**About this exercise**
Filter the entries below, keeping only lines with the word "Velvet".

** Opening Records supplied block **

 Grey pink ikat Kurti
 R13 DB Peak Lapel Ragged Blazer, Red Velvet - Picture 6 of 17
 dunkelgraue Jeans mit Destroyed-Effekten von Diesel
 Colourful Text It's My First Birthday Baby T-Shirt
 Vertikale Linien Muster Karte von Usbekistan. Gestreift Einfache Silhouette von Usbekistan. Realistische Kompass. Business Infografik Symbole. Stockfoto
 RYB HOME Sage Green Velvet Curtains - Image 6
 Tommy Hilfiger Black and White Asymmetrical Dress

** Closing Records supplied block **

**Result for this task**
 R13 DB Peak Lapel Ragged Blazer, Red Velvet - Picture 6 of 17
 RYB HOME Sage Green Velvet Curtains - Image 6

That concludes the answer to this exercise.